Not long ago, scientists thought that deafness was caused by just one gene. This was an incorrect assumption, as there are many genetic mutations that can cause deafness.
In addition to inventing the telephone, Alexander Graham Bell was also known as an educator of the deaf. In 1883, he published a Memorandum to the National Academy of Sciences in which he hypothesized that intermarriage between deaf people might one day result in the formation of a deaf variety among humans, an idea that worried him. To avoid this effect, Bell advocated the closure of boarding schools for the deaf. Cochlear implants are a continuation of Graham Bell's thinking, allowing deaf people to to hear. If the deaf culture disappears, will it be a medical triumph or a cultural genocide?
Deafness and deformities
Dr. Walter E. Nance of the Department of Human Genetics at Virginia Commonwealth University in Richmond, Virginia, has a keen interest in human genetics. His work eventually led him to identify the genes that cause deafness. In his article "The genetics of deafness" published in 2003, he reviews the different possible genetic aspects. Ear deformity, poor stapes fixation, Mondini deformity, Usher's, Jervell's, Pendred's, Alport's, Waardenburg's syndromes... The possible reasons for deafness are many and varied. Often, these syndromes lead to other effects, such as bright blue eyes, pinched nose, hyper or hypo pigmentation spots on the skin for Waardenburg syndrome. But the effects can sometimes be more severe, causing seizures, hair loss, vomiting, syncope, and sometimes even coma and death.

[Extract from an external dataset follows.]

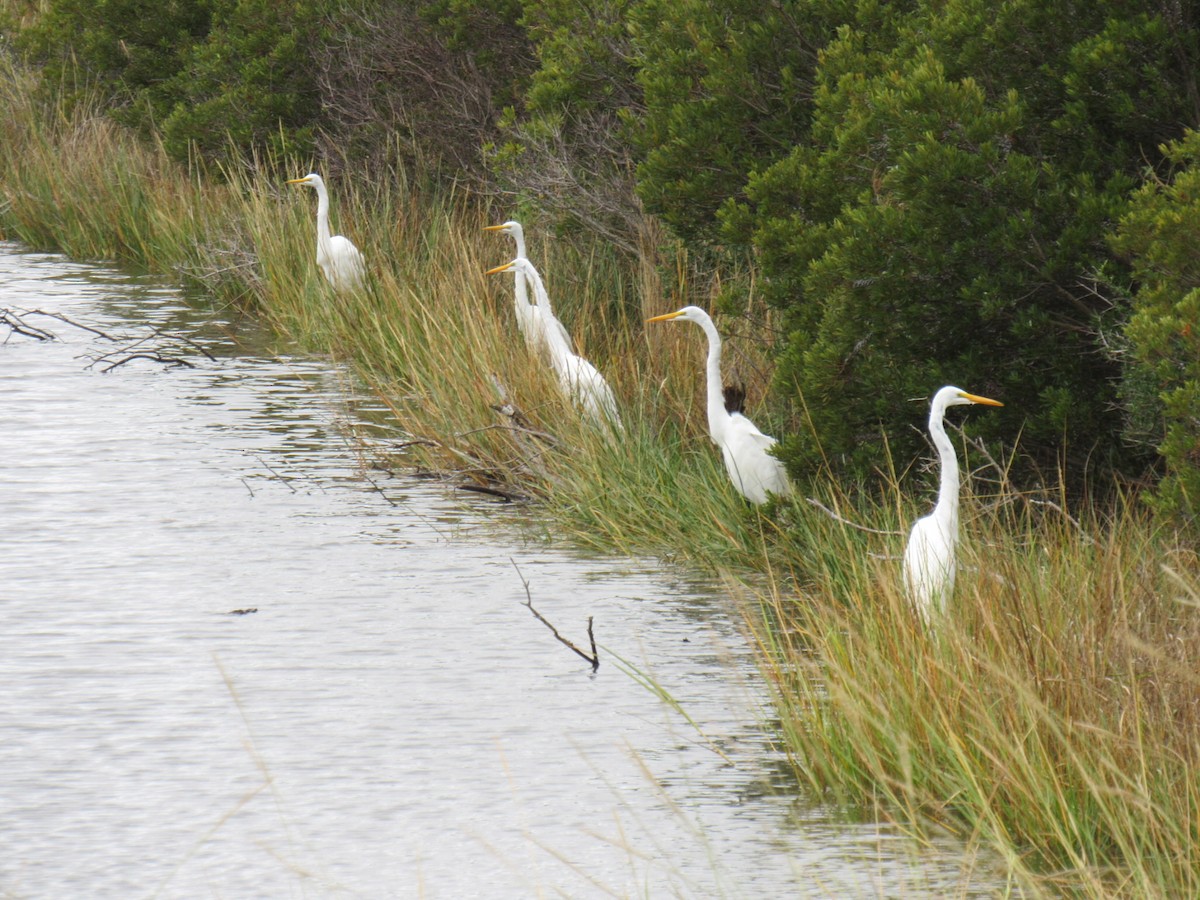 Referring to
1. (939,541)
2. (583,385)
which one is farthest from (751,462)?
(939,541)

Dr. Nance points to the phenomenal number of genes that control the function and development of the ear. Even within a single syndrome, the number of mutations that can create deafness are numerous (up to 50 different mutations for Waardenburg syndrome).
Treating a disease?
Deafness can be treated with several hearing aids, such as amplifiers, or with the cochlear implants mentioned above, an electronic implant that consists of placing a receiver under the skin as soon as possible, in order to "cure" the deafness. But is it really a disease?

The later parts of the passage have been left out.